Finding the perfect interior paint color can steal your attention so quickly that you might forget (or overlook) another crucial decision: choosing the best sheen.
So, why is sheen such a big deal?
Well, think of it like picking new tires for your car. If you’re going to be taking high-speed laps at the track on a Saturday, you would choose a tire built specifically for speed. If, on the other hand, you need extra traction for a snowy climate, you would never pick slicks; a knobby snow tire would make the most sense.
In the same way, you need to a pick a sheen that matches the function and purpose of the space you’re painting.
A Closer Look at Interior Paint Sheens
Let’s start with a bird’s-eye view of your options. Sheens range from flat to high-gloss, with satin, eggshell, and semi-gloss in the middle.
Rather than just explain the advantages and disadvantages of each sheen, let’s apply it to spaces in your home that you could potentially be painting.
What Kind of Paint Is Best for a Bathroom?
Typically a semi-gloss or high-gloss paint would be used in a bathroom. Why? Well, higher-gloss paint is more durable, reflective, and stands up well to washing. Bathrooms typically are bright places, and higher moisture levels in the air make a strong, hard paint a real asset.
Especially if you have a dog (or teenager), you know that this is a space that gets messy and wet quickly. It’s nice to have a paint option that you can scrub or dry without a worry in the world.
Which Sheen Should You Choose for Your Kitchen Paint?
Kitchens are another high-traffic place that calls for a tough interior paint. A glossier sheen will definitely not be a disappointment, especially since scuffs and marks can be washed off fairly easily (backpack bumps, smudges from hands, etc.).
As a side note, if you need a few tips for cleaning marks off a wall, just take a look here: How To: Clean Painted Walls.
Painting Your Ceiling
Flat paint is typically used for ceilings, mostly because it’s easy to apply, covers blemishes smoothly, and is non-reflective.
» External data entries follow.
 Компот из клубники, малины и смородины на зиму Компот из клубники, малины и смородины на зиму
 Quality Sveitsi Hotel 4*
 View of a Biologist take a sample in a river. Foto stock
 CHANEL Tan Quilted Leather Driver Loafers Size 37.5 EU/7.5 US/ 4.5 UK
The downside to flat (or matte) paint is that it’s not very sturdy, allowing it to be easily smudged or damaged.
Since ceilings don’t exactly receive a lot of foot traffic, this isn’t so much of an issue.
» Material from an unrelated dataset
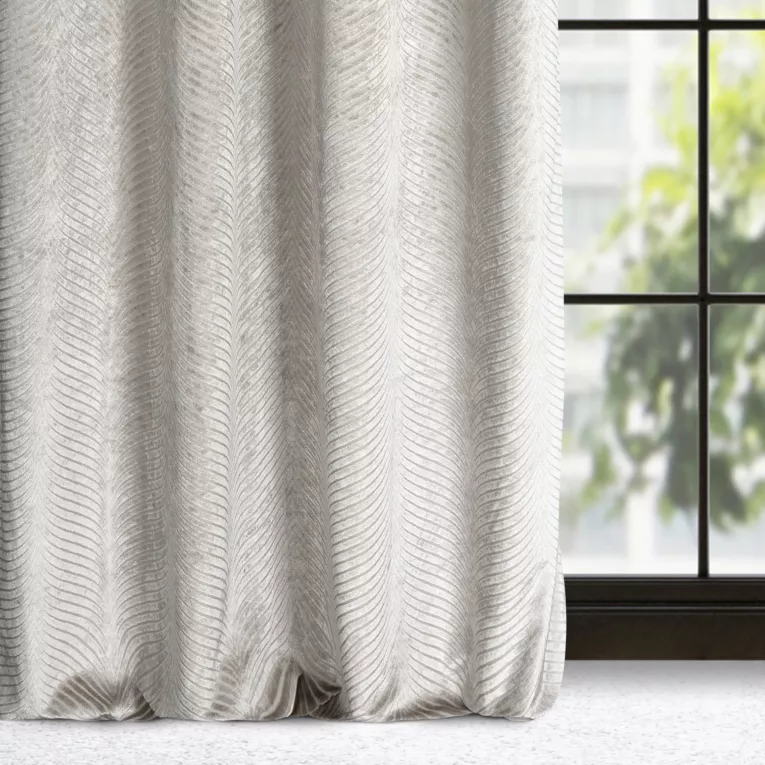 Zasłona jasnobeżowa z błyszczącego strukturalnego welwetu 140x250 cm przelotka - LUSSI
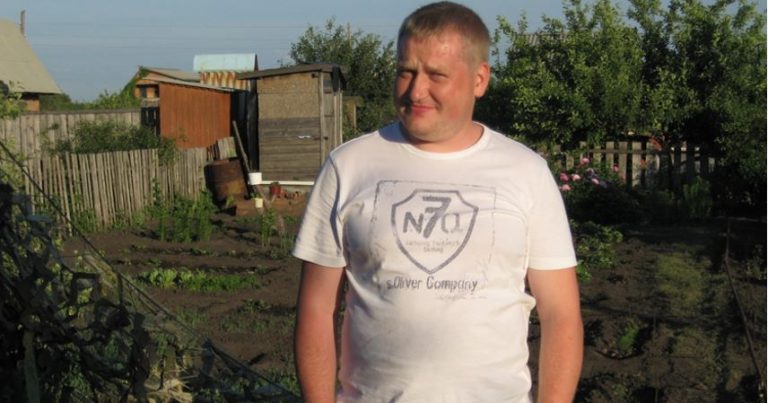 Я покликала слюсаря, щоб він попрацював на моїй дачній ділянці і віддала йому ключі від дачі. Через тиждень , коли я увійшла в будинок, на мене чекав величезний сюрприз.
Here are a few factors (and a brief recap of what we touched on above) to keep in mind:
- Higher-gloss paint is more shiny and durable
- Higher-gloss paint is more difficult to apply, and it doesn’t cover surface blemishes very easily (it takes an expert hand)
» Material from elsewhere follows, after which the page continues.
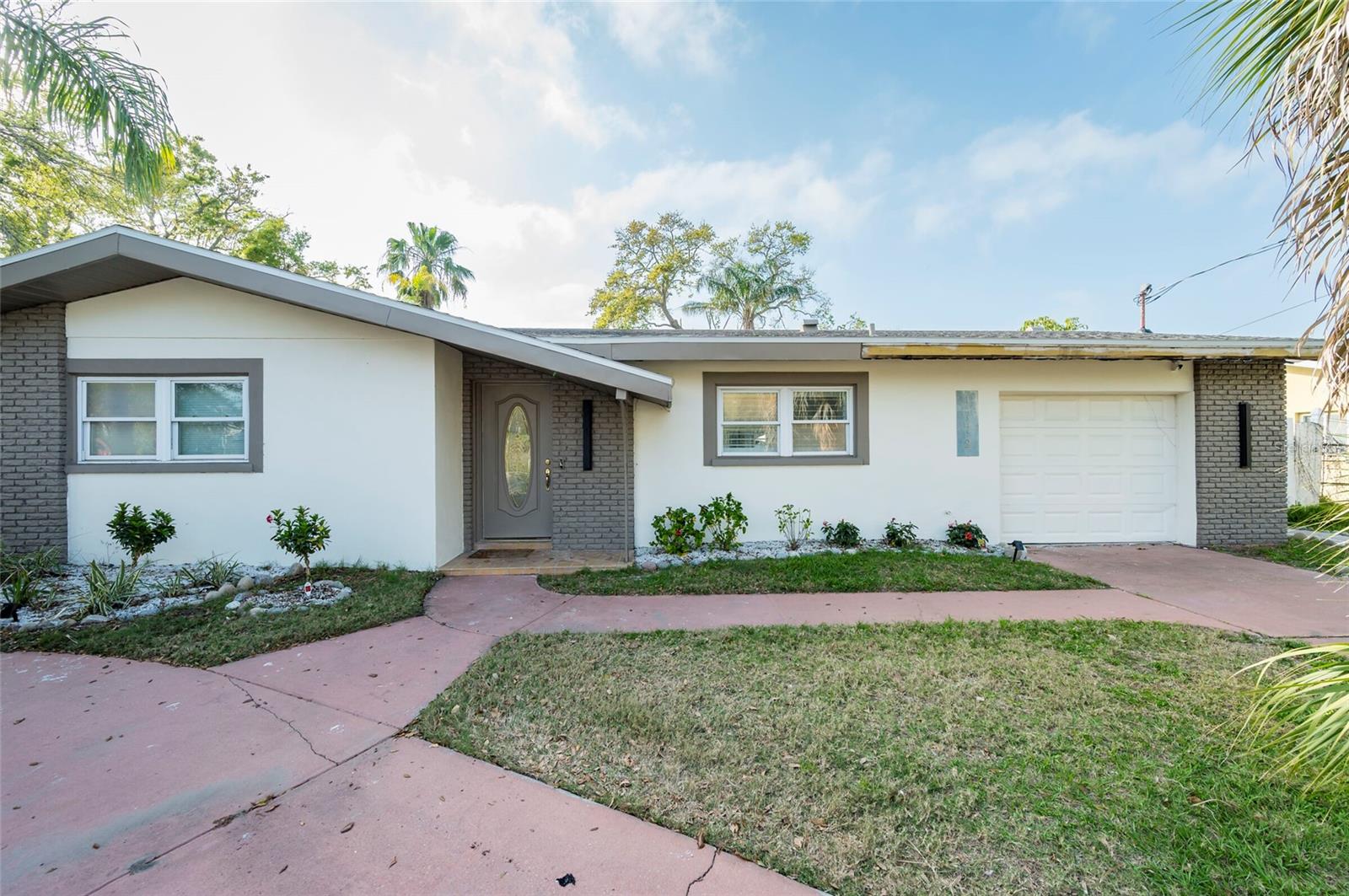 1772 Indian Rocks Rd S Property Photo 8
- Higher-gloss paint is easily washed and resistant to smudges
- Lower-gloss paint does cover blemishes well
- Lower-gloss paint can be washed, but this is a process that needs to be completed carefully since it’s not very durable
- Lower-gloss paint absorbs light rather than reflects it
So, which options are used most often as an all-around interior paint? Semi-gloss and eggshell paints are very popular since they provide a middle-ground, with benefits of both sheen extremes.